(Action item)
Transcribe the listing word for word, beginning at its first line and ending at the line containing "Albero di Natale 180"; omit the pictures.

• • • • •

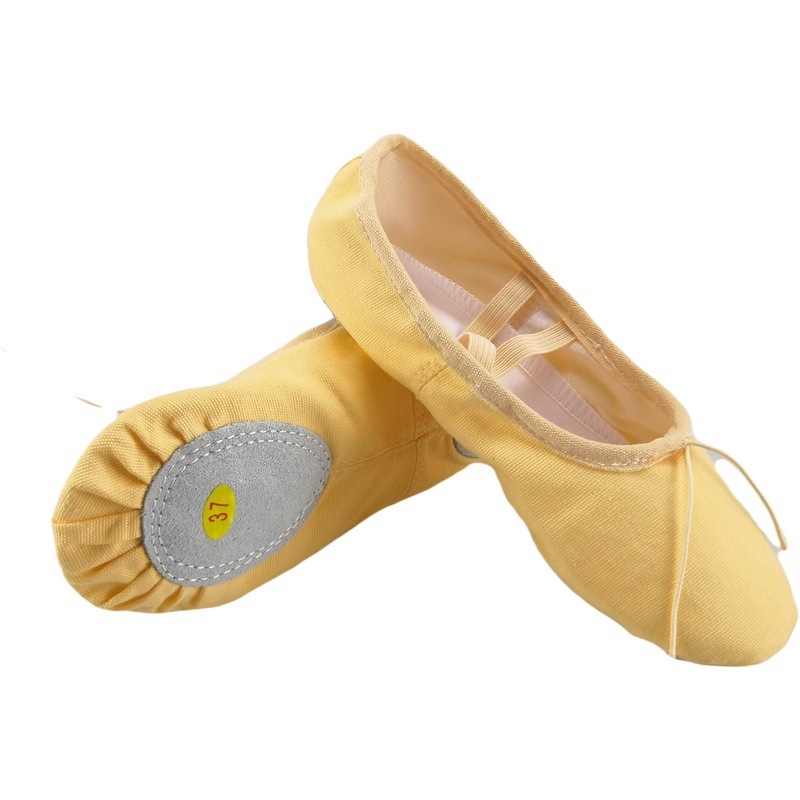 Παπούτσια Χορού για Μπαλέτο - Ελαφριά, Αναπνέοντα, Άνω μέρος από Βαμβάκι, Σόλα από Δέρμα Αγελάδας, Unisex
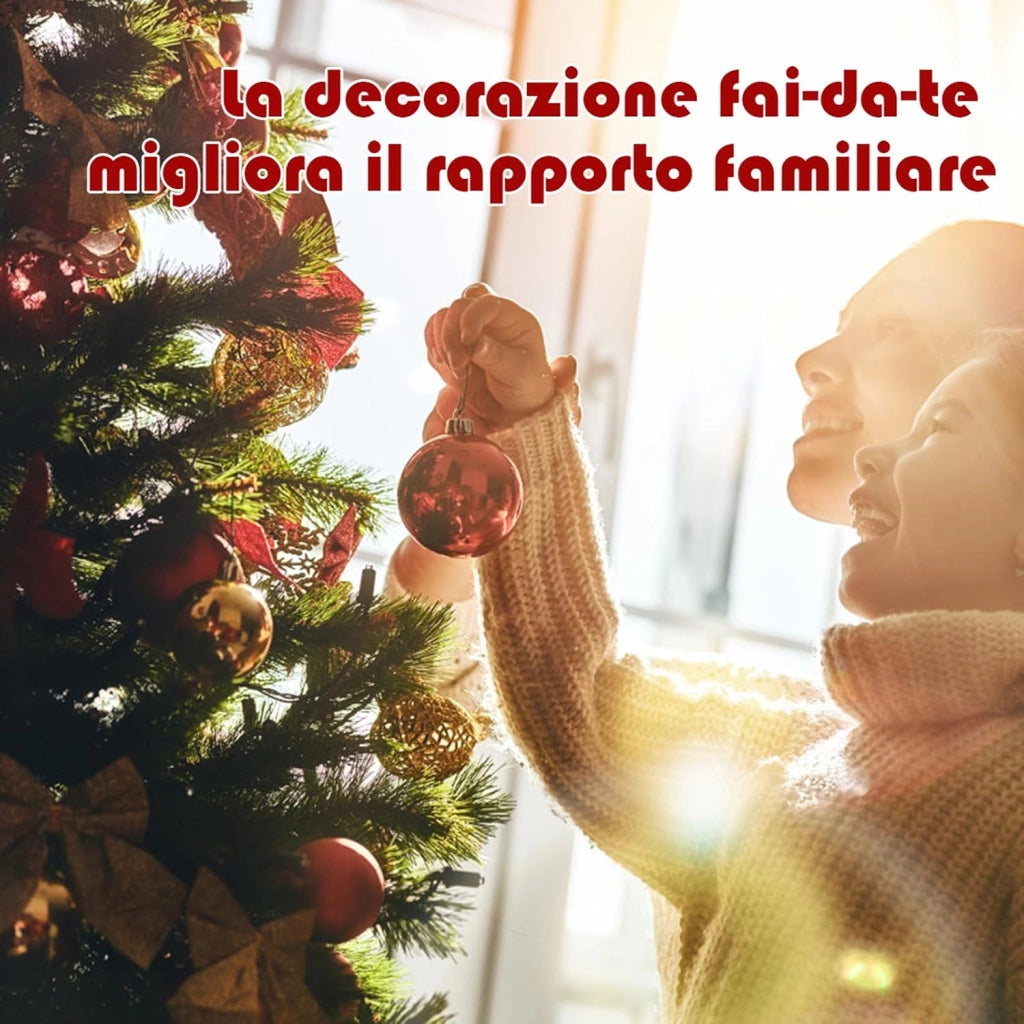 Albero di Natale 180 cm, Albero di Natale Artificiale con 928 Rami Folti, Base in Metallo, Decorazione Natalizia per Casa, Ufficio e Negozio (180 CM)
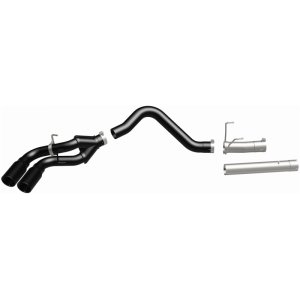 Ram 3500 Performance Exhaust - Dual Same Side Behind Passenger Rear Tire - Magnaflow - DPF Back Dual Single Passenger Side Rear Exit - Black - `13-`18 Ram 3500 Performance Exhaust - Dual Same Side Behind Passenger Rear Tire - Magnaflow - DPF Back Dual Single Passenger Side Rear Exit - Black - `13-`18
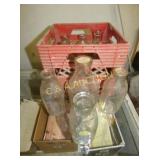 CRATE (9)  EMB. BILTMORE BOTTLES(RED CRATE)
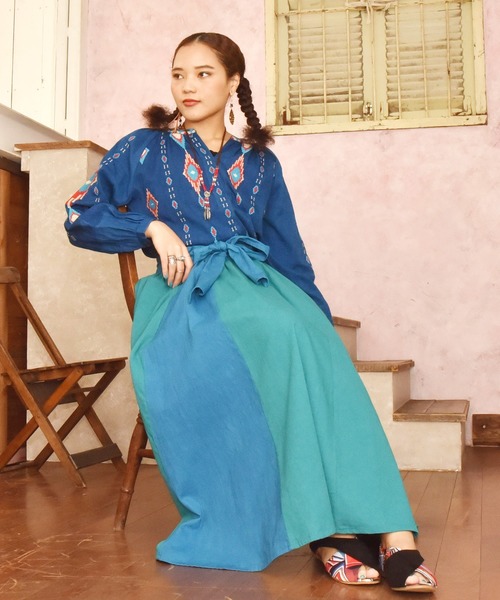 チャイハネ（チャイハネ）の「【チャイハネ】レトロモダンオープントゥパンプス（パンプス・レディース・ブラック/ベージュ/ブラウン/カーキ・MEDIUM/LARGE）」の15枚目の写真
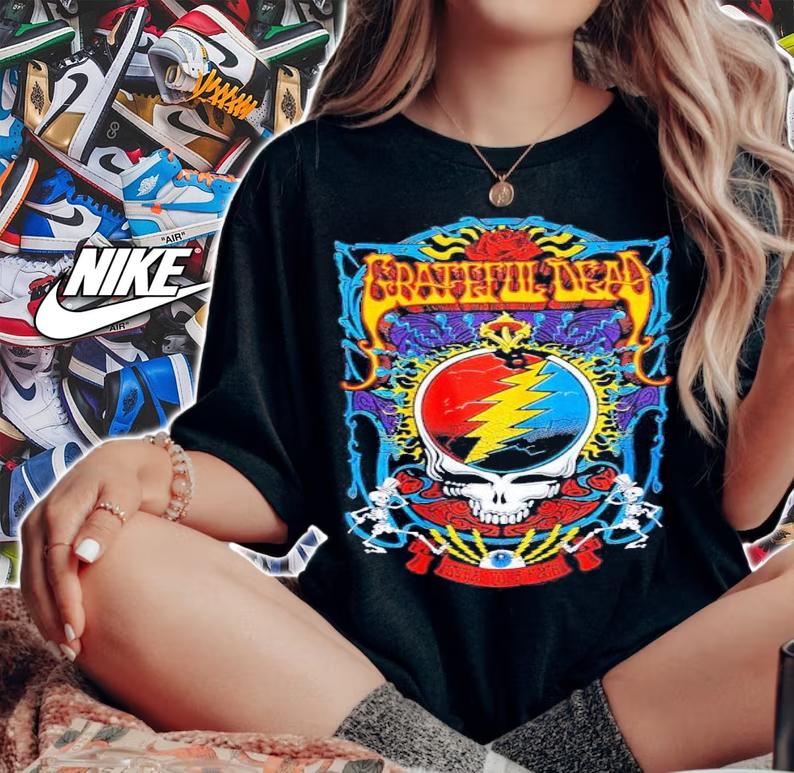 Grateful Dead Steal Your Face Skeleton Shirt t-shirt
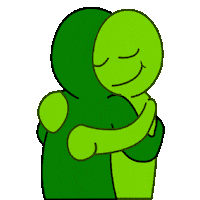 I Love You Hug Sticker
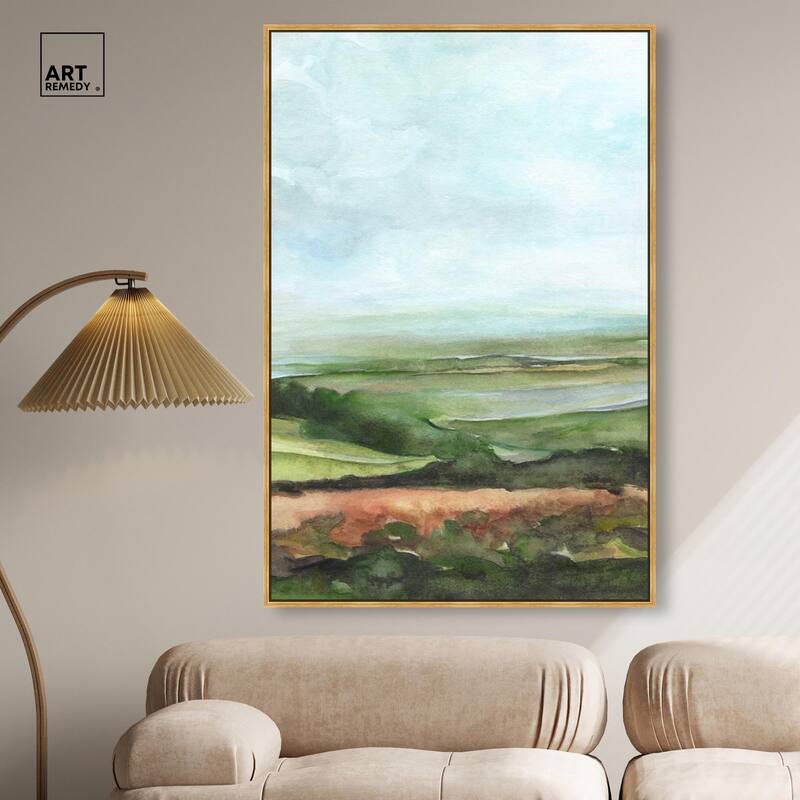 Watercolor Horizon Canvas by Art Remedy
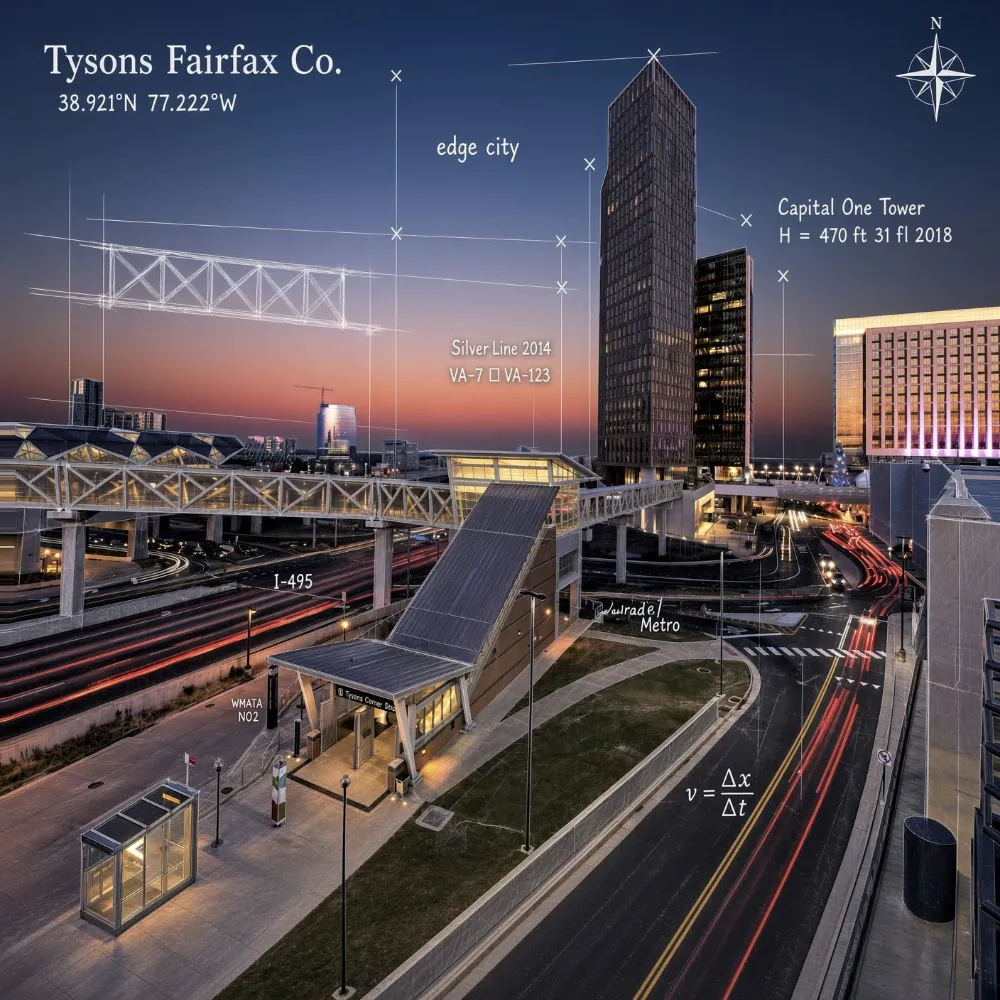 Tysons Corner, Fairfax County — Sovereign Wealth Management headquarters area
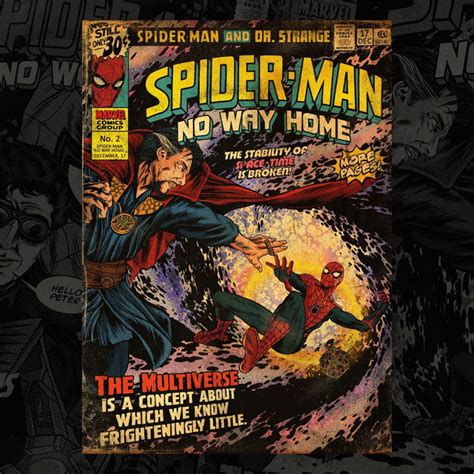 Spider Man No Way Home Comicbook Cover Gag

• • • • •

(Answer)
 Παπούτσια Χορού για Μπαλέτο - Ελαφριά, Αναπνέοντα, Άνω μέρος από Βαμβάκι, Σόλα από Δέρμα Αγελάδας, Unisex
 Albero di Natale 180 cm, Albero di Natale Artificiale con 928 Rami Folti, Base in Metallo, Decorazione Natalizia per Casa, Ufficio e Negozio (180 CM)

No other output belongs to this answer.